13. The suit was filed by the appellants against the respondent under section 36 of the Act praying for reopening the transactions and taking accounts and for release from all liabilities in excess of the limits specified by law. In short, they asked the Court to give them relief by exercising the powers given to the Court by section 36 of the Act. There was also a prayer for reconveyance of the Senapati Mahal. The respondent filed his written statement setting up a variety of defences founded on merits as well as on legal pleas in bar.
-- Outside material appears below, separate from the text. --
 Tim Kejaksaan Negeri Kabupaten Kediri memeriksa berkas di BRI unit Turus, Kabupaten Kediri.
On May 8, 1941, the Subordinate Judge settled the issues and fixed June 9, 1941, 'for a preliminary hearing of the suit and particularly of such of the issues as have been based on the pleas in bar.' Eventually, the case was taken up for preliminary hearing on September 4, 1941, and by his judgment delivered on September 8, 1941, the learned Subordinate Judge dismissed the suit on issue No. 2 which was as follows :
'Does the plaint disclose a valid cause of action for the suit ?'
14. The appellants preferred an appeal to the High Court at Calcutta. Although the High Court (R. C. Mitter and K. C. Chunder JJ.) did not accept all the reasonings on which the learned Subordinate Judge had based his decision, they, however, agreed that the appellants could get no relief as the decrees in suit No. 78 of 1922 could not be reopened, as they were not passed in a 'a suit to which this Act applies' and consequently dismissed the appeal. The appellants have now come up on appeal before us after having obtained a certificate from the High Court under section 110 of the Code of Civil Procedure.
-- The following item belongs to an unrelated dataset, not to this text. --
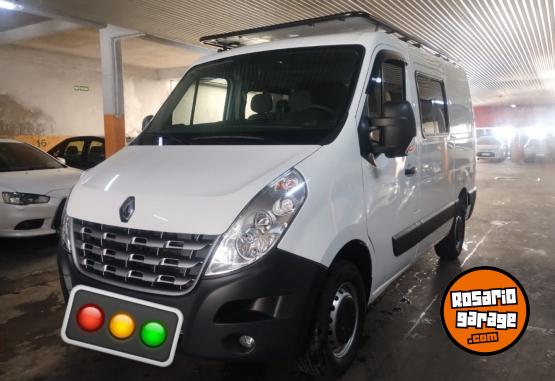 Utilitarios - Renault Master 2022 Diesel 12500Km - En Venta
15. Learned Advocate appearing in support of this appeal before us has contended that the High Court was in error in holding that the decrees in Suit No. 78 of 1922 were not liable to be reopened under the second proviso to section 36(1). Learned advocate for the respondent while joining issue on this point also raised a point which, however, did not find favour with the High Court, namely, that the respondent as a bona fide assignee for value of the mortgage debt was protected by sub-section (5) of section 36. It is quite clear that if either of the two points is decided against the appellants, this appeal must fail.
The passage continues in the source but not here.